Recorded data
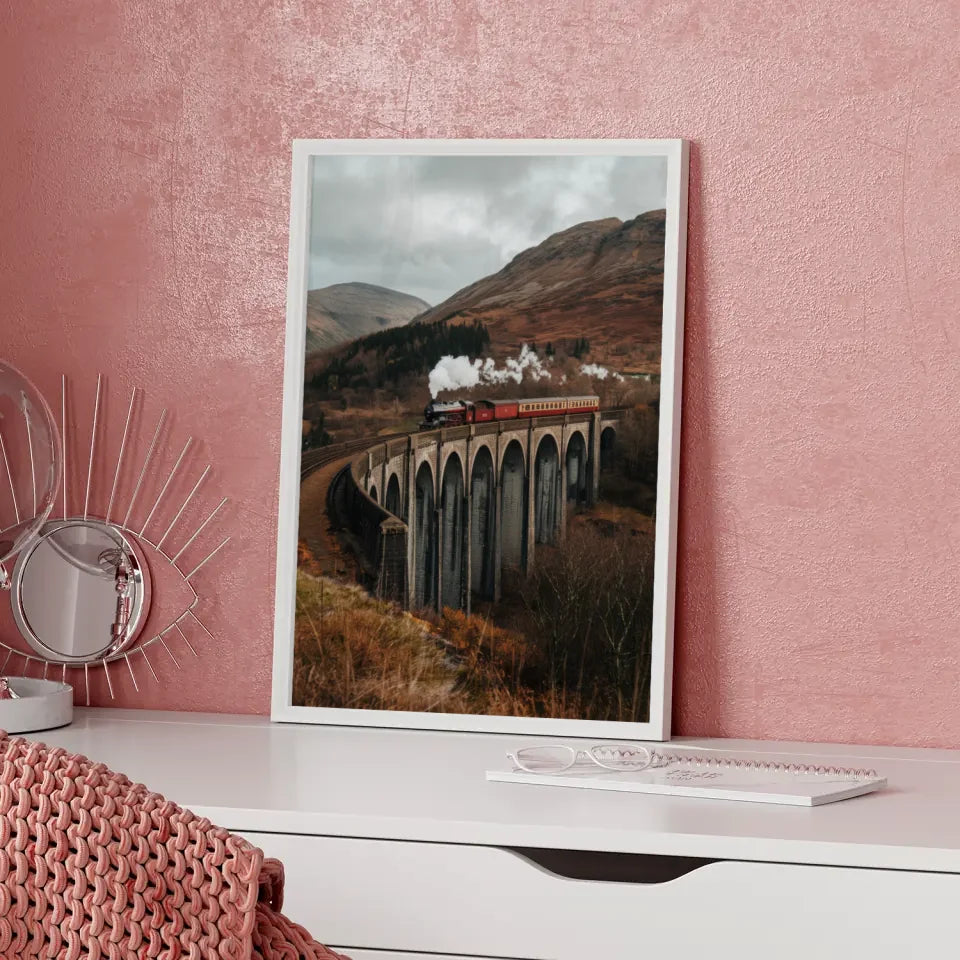 Poster der Nine Arches Bridge in Pastell mit Bus, Surfbrettern und Palmen 5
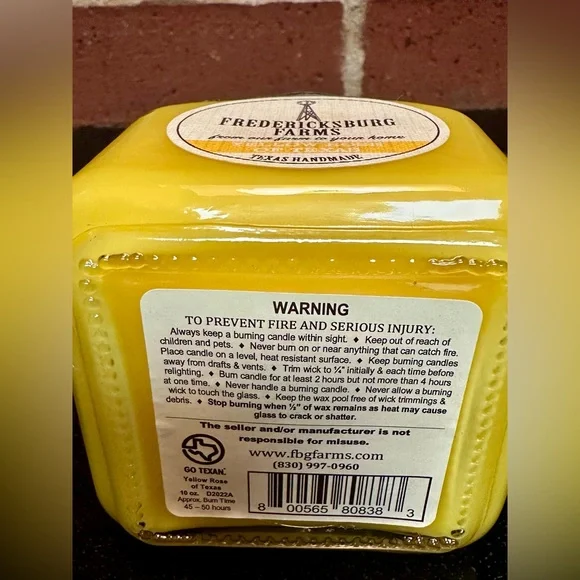 Fredericksburg Farms “Yellow Rose of Texas” Candle 🌼 - Picture 4 of 6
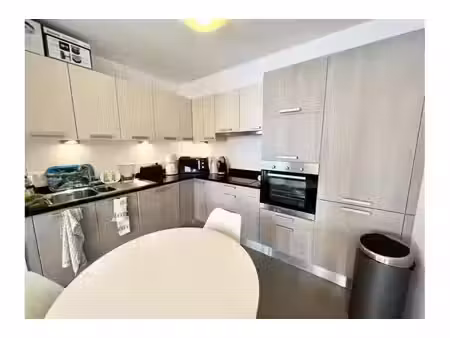 appartement à louer à du wisconsin 13 archennes (vbe64053)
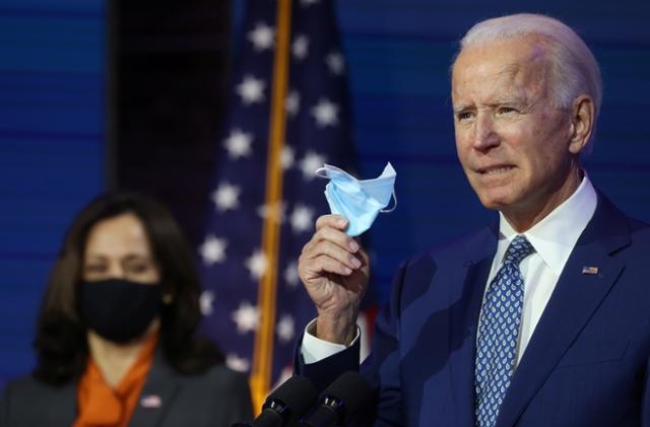 미국 수도 워싱턴의 백악관에서 기자들을 앞에 두고 마스크 착용을 호소하고 있는 조 바이든 대통령.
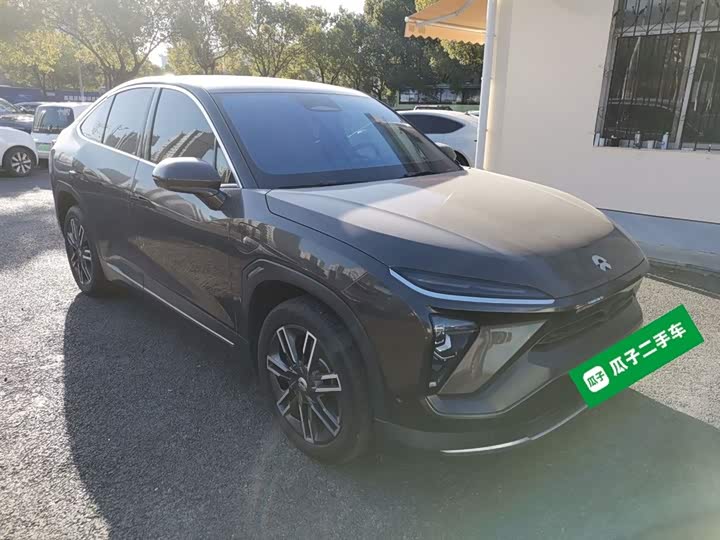 Фото 4 - Nio EC6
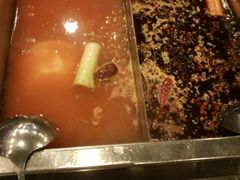 -百年川椒重庆老火锅(光谷店)
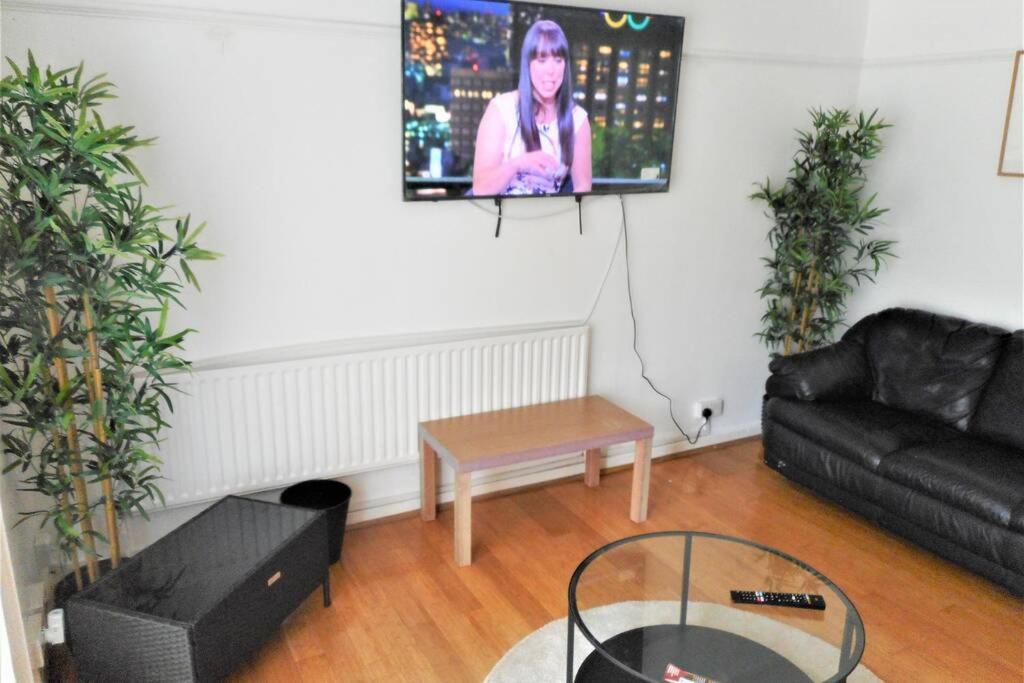 Stunning Lovely 3- Bedroom Fulham With Roof Terraces Londen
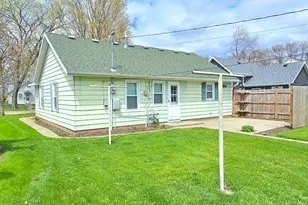 102 E 9th St, Morris, MN 56267 - Photo 2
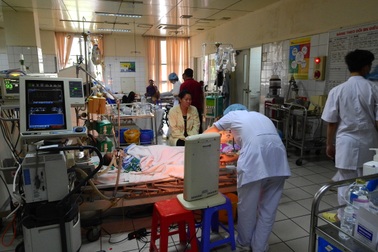 Khởi tố vụ án 7 bệnh nhân tử vong khi chạy thận ở Hòa Bình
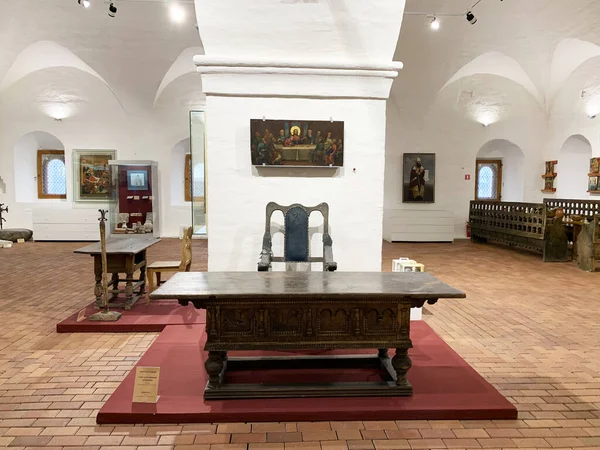 Ferapontovo, Vologda bölgesi, Rusya, 23 Şubat, 2020. Başrahibin yeri, 17. yüzyılda bacakları yontulmuş bir masa. Rusya, Vologda bölgesi Ferapontov manastırı, yemekhane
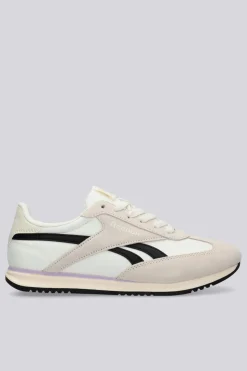Reebok World 70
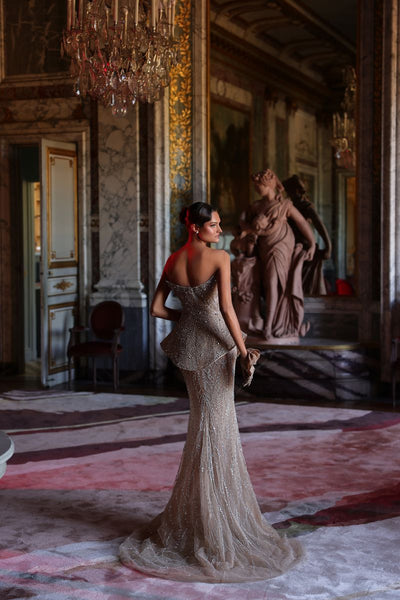 Chic and Holland Nude Dress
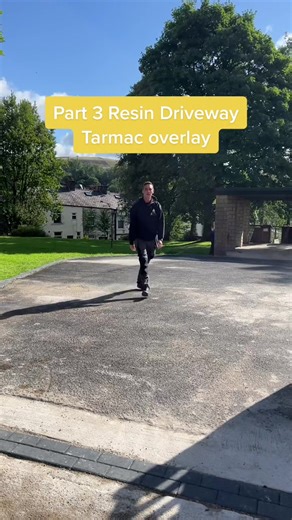 Resin Driveway Installation: Cappuccino Mix on Tarmac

# [Try it]
Each line from the one containing "Фото 4 - Nio EC6" through the last line of the entries above is to be extracted exactly. Pictures are not part of the copy.

# [Result of the task]
 Фото 4 - Nio EC6
 -百年川椒重庆老火锅(光谷店)
 Stunning Lovely 3- Bedroom Fulham With Roof Terraces Londen
 102 E 9th St, Morris, MN 56267 - Photo 2
 Khởi tố vụ án 7 bệnh nhân tử vong khi chạy thận ở Hòa Bình
 Ferapontovo, Vologda bölgesi, Rusya, 23 Şubat, 2020. Başrahibin yeri, 17. yüzyılda bacakları yontulmuş bir masa. Rusya, Vologda bölgesi Ferapontov manastırı, yemekhane
Reebok World 70
 Chic and Holland Nude Dress
 Resin Driveway Installation: Cappuccino Mix on Tarmac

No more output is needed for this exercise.